With the help of ray diagram, show the formation of image of a point object by refraction of light at a spherical surface separating two media of refractive indices n₁and n₂ (n₂ > n₁) respectively. Using this diagram, derive the relation.

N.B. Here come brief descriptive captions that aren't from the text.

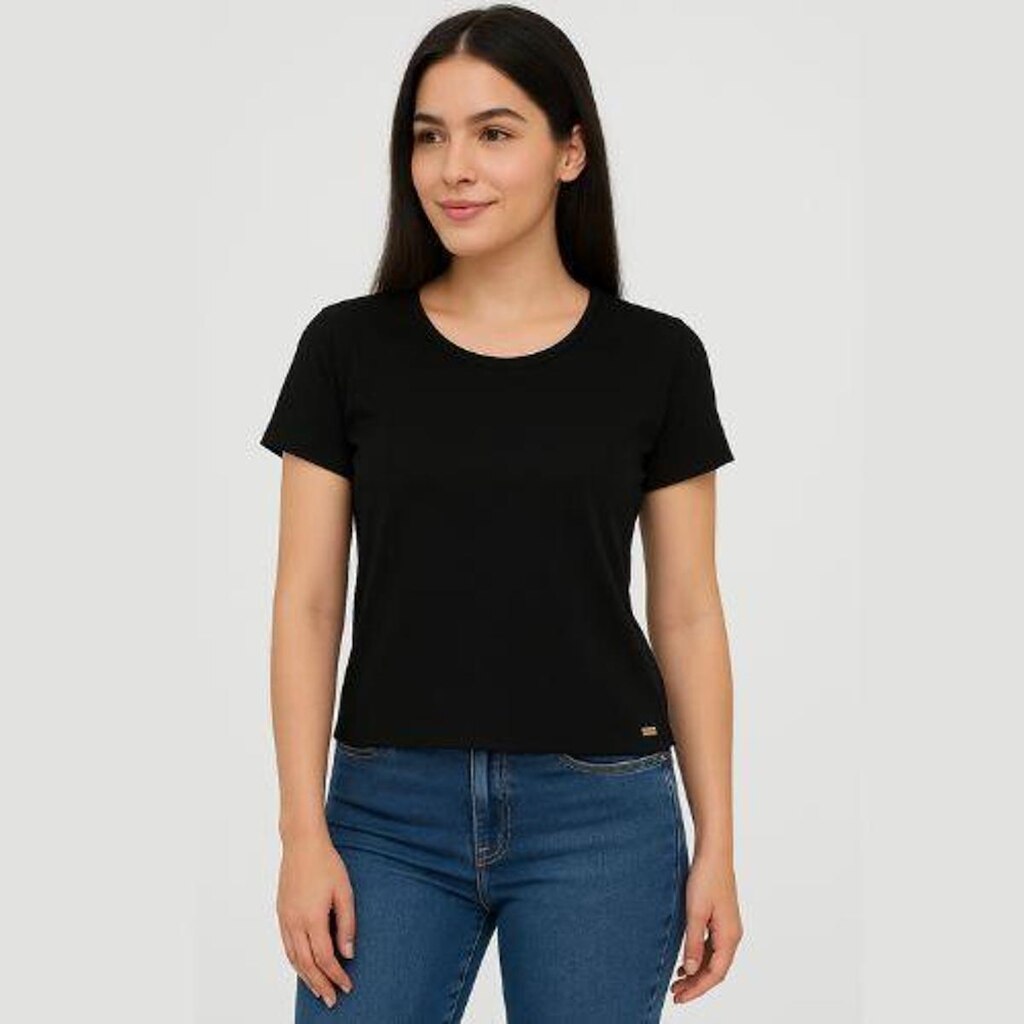 Blusa Feminina Básica Algodão Cereja Rosa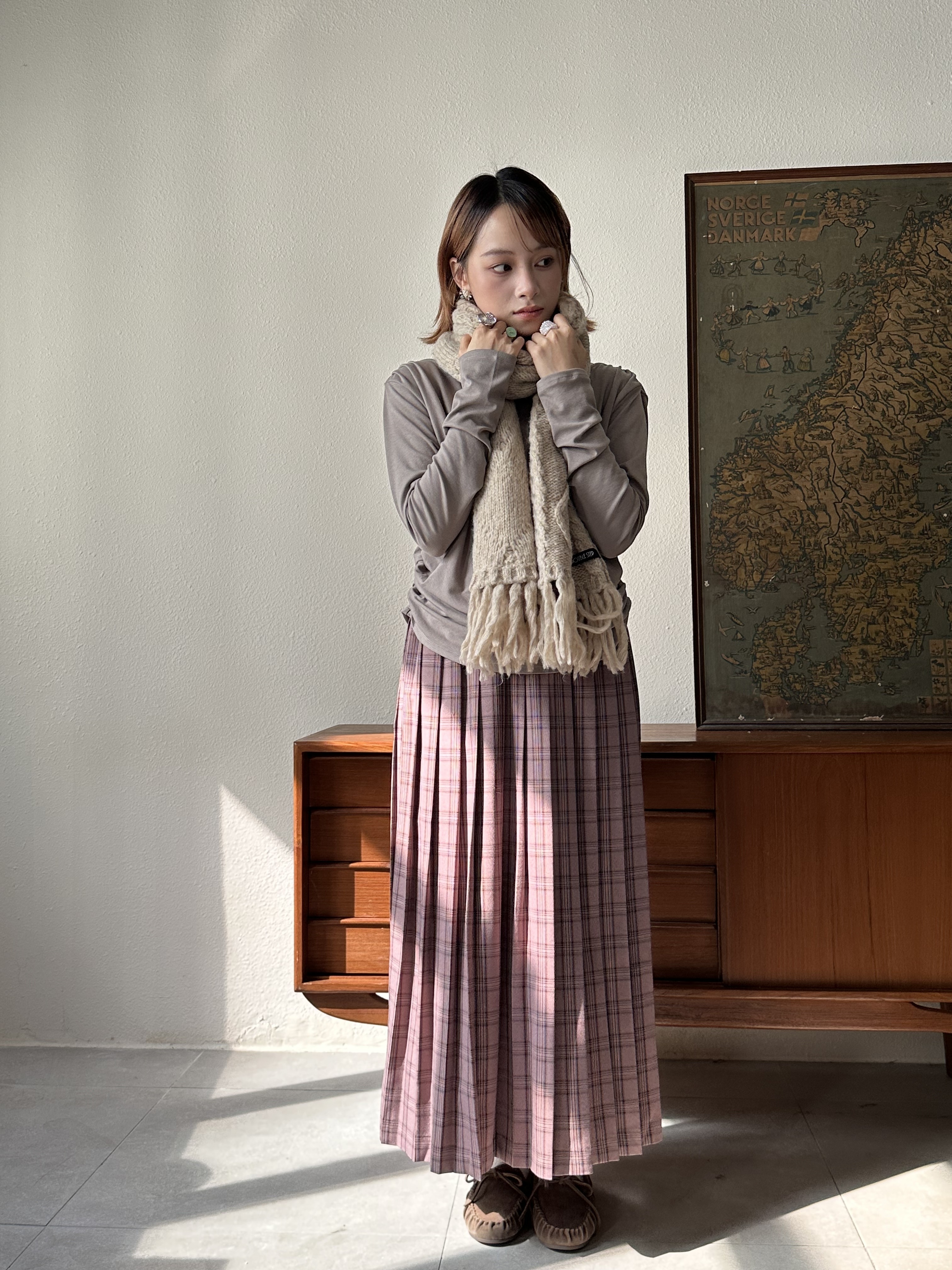 Q5 gift ! 麻花頸巾 -AB6038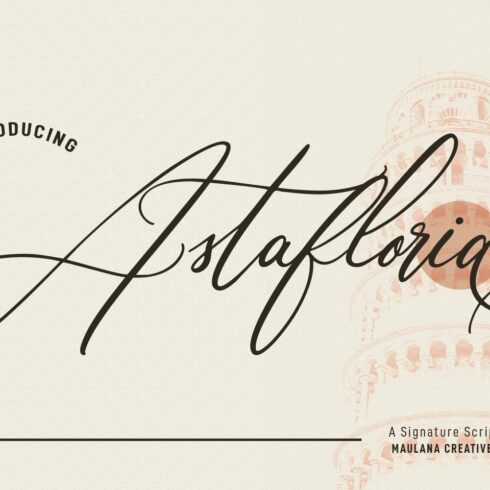 Astafloria Signature Script Font cover image.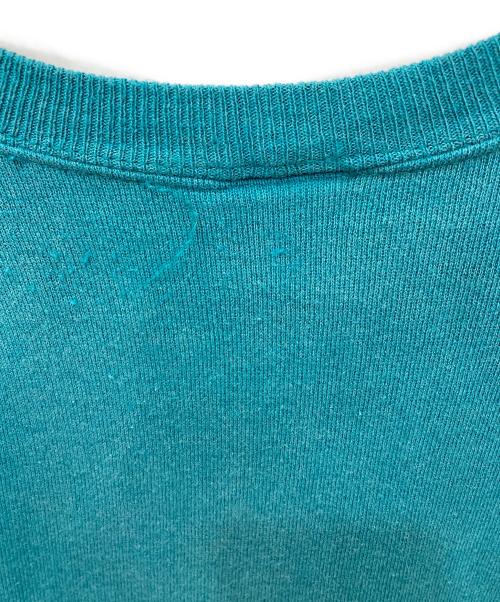 USED（ユーズド）USED (ユーズド) カットオフ半袖スウェット グリーン サイズ:記載なしの為実寸参照の古着・服飾アイテム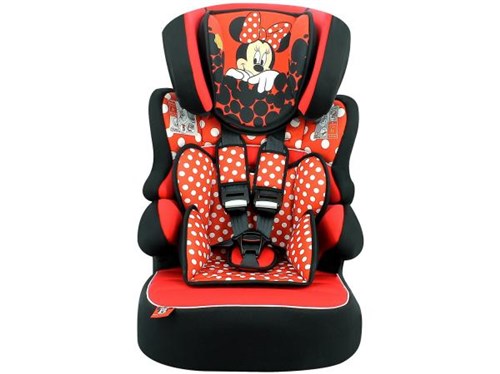 Cadeira para Auto Disney Beline SP - Minnie Mouse Red para Crianças Até 36kg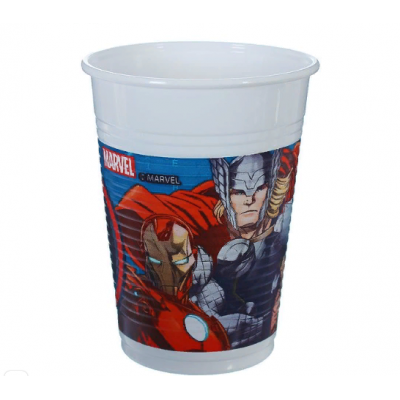 Стаканы пластиковые "Мстители" 200 мл (набор 8 шт) / Avengers Power Стаканы пластиковые "Мстители" 200 мл (набор 8 шт) / Avengers Power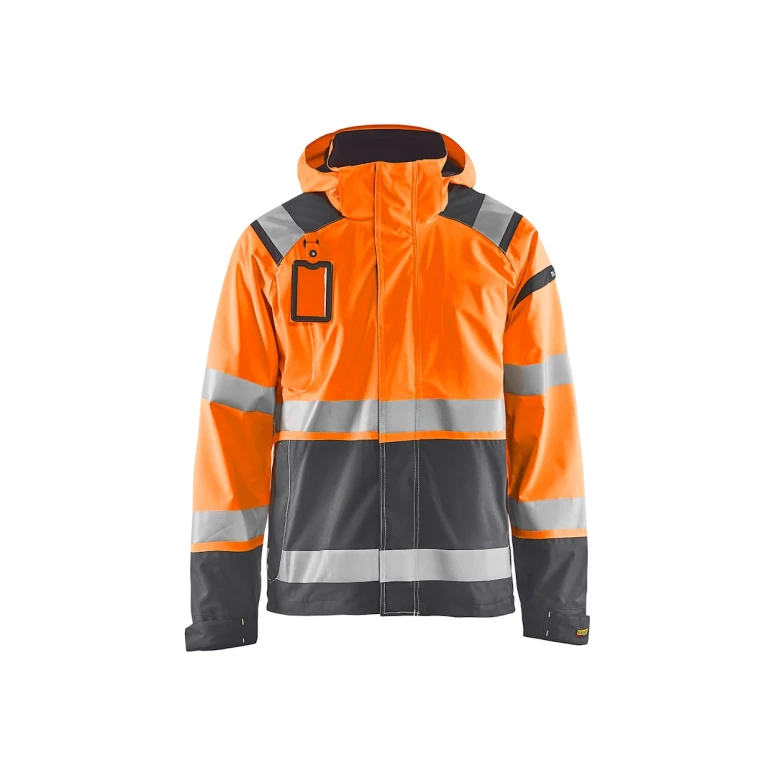 Arbeits-Shelljacke mit vielen Taschen Blaklader hohe Sichtbarkeit Stretch mit Kapuze wasserdicht 498719873389L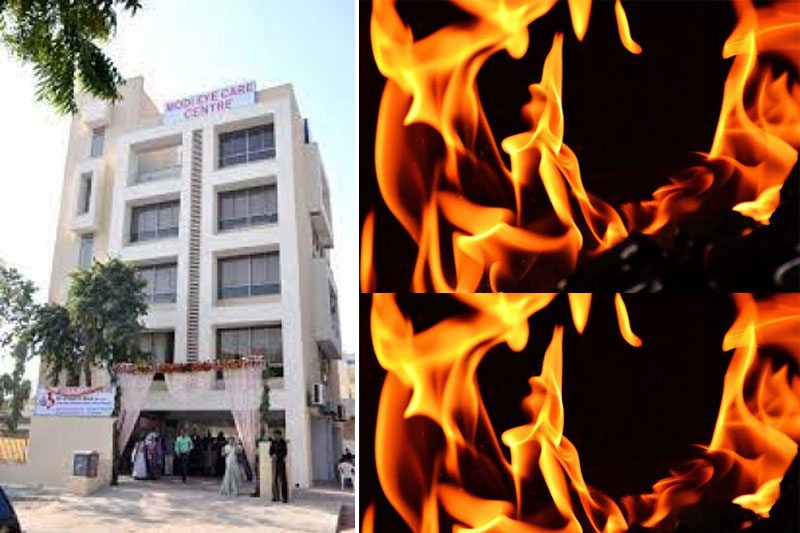 2 dead in fire at eye care centre in Ahmedabad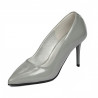 Eleganckie buty damskie 1293 lakier szary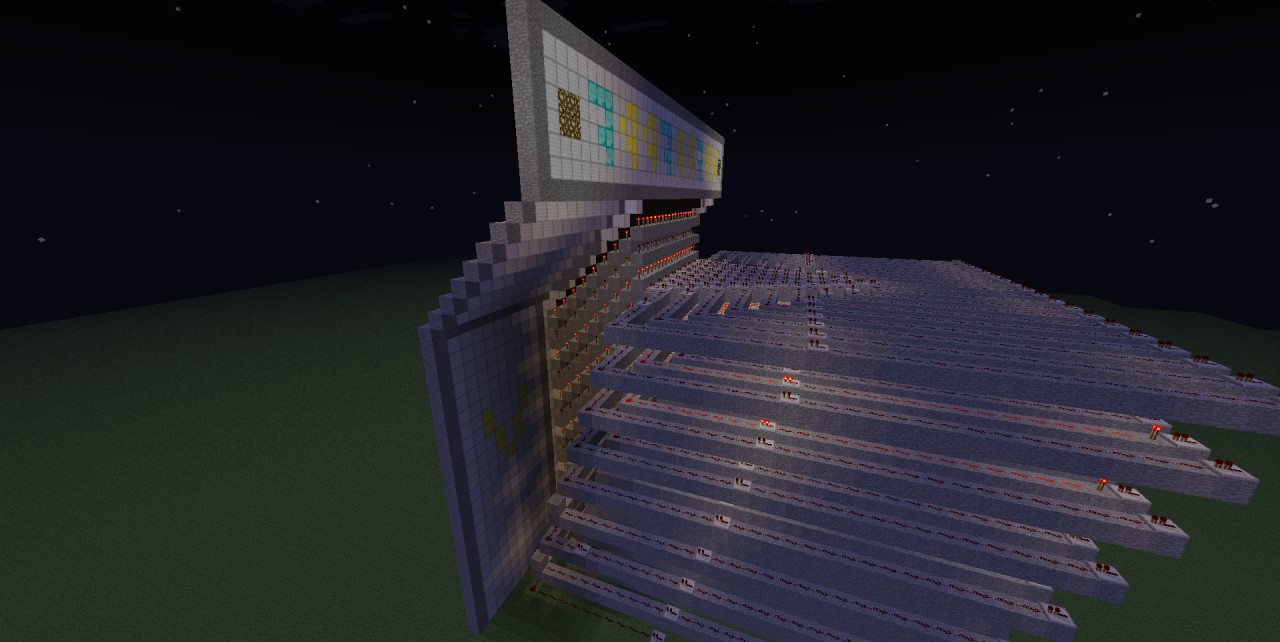 Torch display Minecraft Map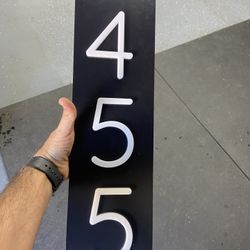 House Numbers Custom Address 455 Sign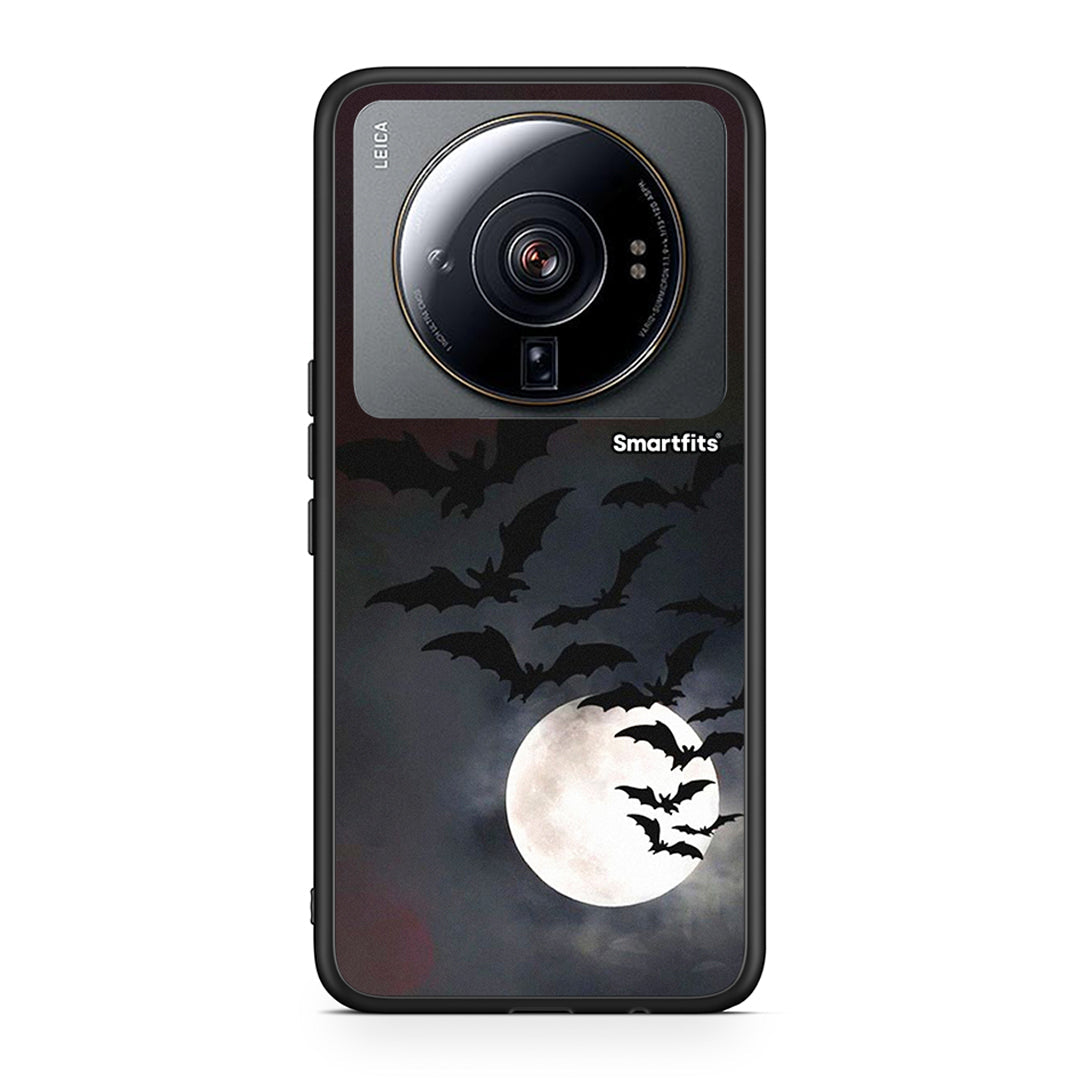 Xiaomi 12S Ultra Halloween Bat Night θήκη από τη Smartfits με σχέδιο στο πίσω μέρος και μαύρο περίβλημα | Smartphone case with colorful back and black bezels by Smartfits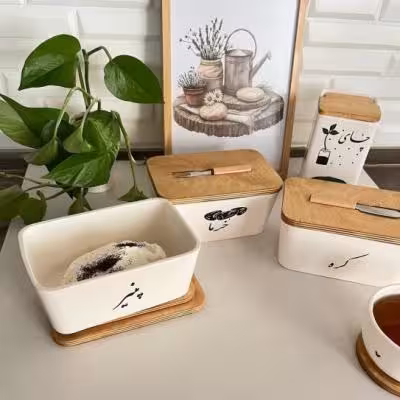 خرما ، کره ، پنیر خوری 4 گوش (3 عددی)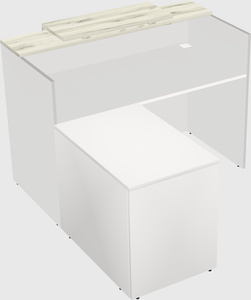 L-shaped modular reception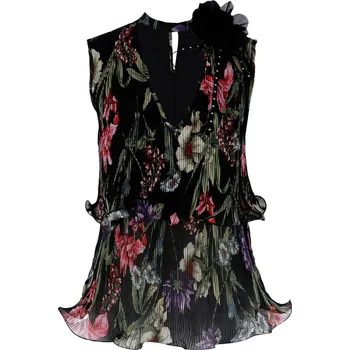 GUESS JEANS Halenka FELISA | Barva:černý | Velikost:XS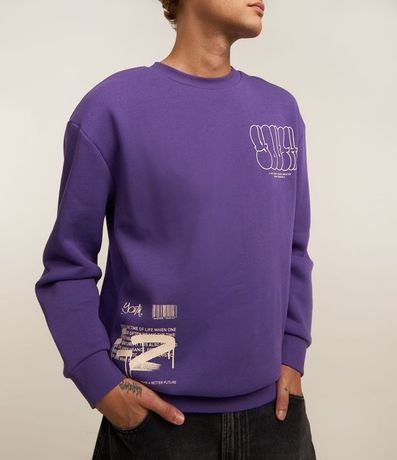 Buzo Relaxed en Algodón con Estampa Youth 4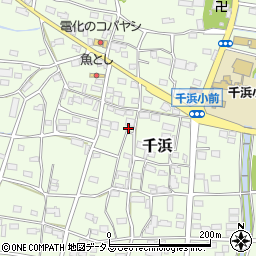 静岡県掛川市千浜5119周辺の地図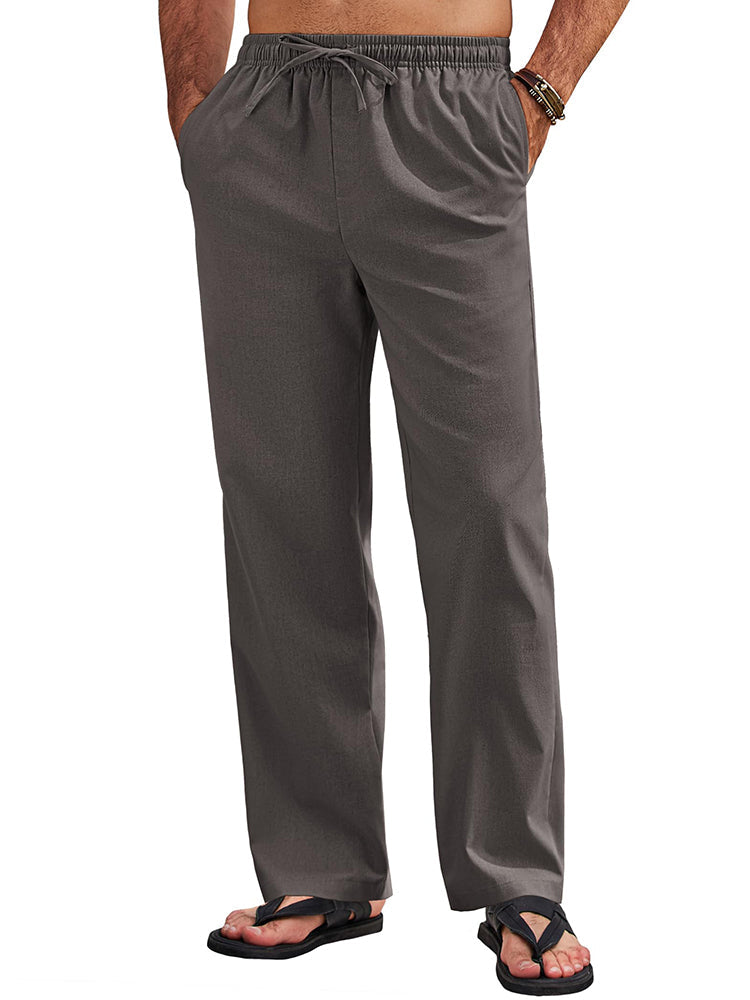 Pantalón de lino para playa y yoga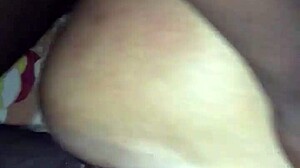 Naija pussy creampied bent over my huge monster cock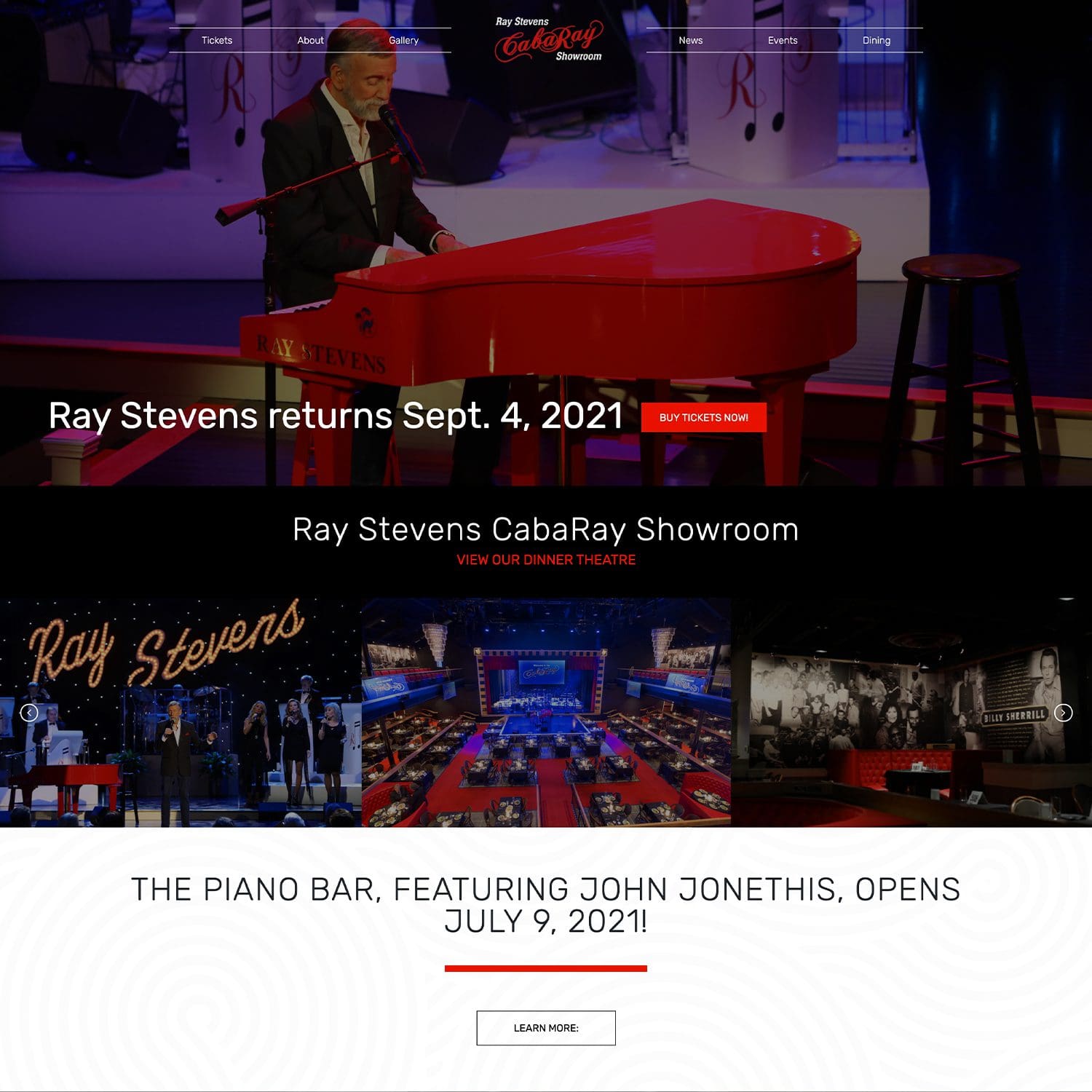 music service and events website - JLB, Best Web Design and Web Development Company in Nashville, Brentwood, and Franklin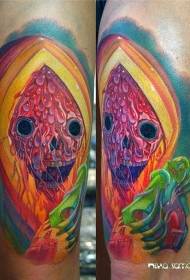 Rameno farby monštrum tetovanie rastlín vzor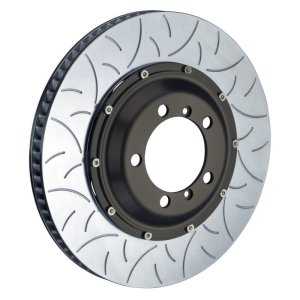 Porsche 997 Turbo S Brake Rotors (2) - Front - Brembo - 2-Piece Slotted Type3 - `06-`12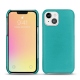 Coque cuir Apple iPhone 13 mini - Bleu fluo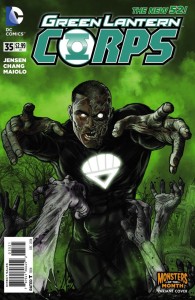 GREEN LANTERN CORPS #35 MONSTERS VARIANT EDITION (GODHEAD)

$\frac{n_{2}}{v} - \frac{n_{1}}{u} = \frac{n_{2} - n_{1}}{R}$

What happens to the focal length of convex lens when it is immersed in water?

Solution

(i) In the ray diagram below, AMB is a convex surface separating two media of refractive indices n₁ and n₂ (n₂> n₁). Consider a point object O placed on the principal axis. A ray ON is incident at N and refracts along NI. The ray along ON goes straight and meets the previous ray at I. Thus, I is the real image of O.

From Snell's law,

n_{2} = \frac{\sin i}{\sin r}

n_{1} \sin i = n_{2} \sin r \frac{n_{2}}{n_{1}} = \frac{\sin i}{\sin r}

\Rightarrow

n_{1} i = n_{2} r

∆ NOC,

i = α + γ

∆ NIC,

γ = r - β

r = γ - β

∴

n_{1} (α + γ) = n_{2} (γ - β)

i.e.,

n_{1} α + n_{2} β = (n_{2} - n_{1}) γ

But,

α ≅ \tan α = \frac{NP}{OP} = \frac{NP}{OM}

[P is close to M]

β ≅ \tan β = \frac{NP}{PI} = \frac{NP}{MI}

γ ≅ \tan γ = \frac{NP}{PC} = \frac{NP}{MC}

∴

n_{1} . \frac{NP}{OM} + n_{2} . \frac{NP}{MI} = (n_{2} - n_{1}) \frac{NP}{MC}

\Rightarrow

\frac{n_{1}}{OM} + \frac{n_{2}}{MI} = \frac{n_{2} - n_{1}}{MC}

Now, using Cartesian sign convention,

OM = - u, MI = + v, MC = + R

∴

\frac{n_{1}}{- u} + \frac{n_{2}}{v} = \frac{n_{2} - n_{1}}{R}

\Rightarrow

\frac{n_{2}}{v} - \frac{n_{1}}{u} = \frac{n_{2} - n_{1}}{R}

The lens makers formula gives us the relationship,

\frac{1}{f} = (μ - 1) (\frac{1}{R_{1}} - \frac{1}{R_{2}})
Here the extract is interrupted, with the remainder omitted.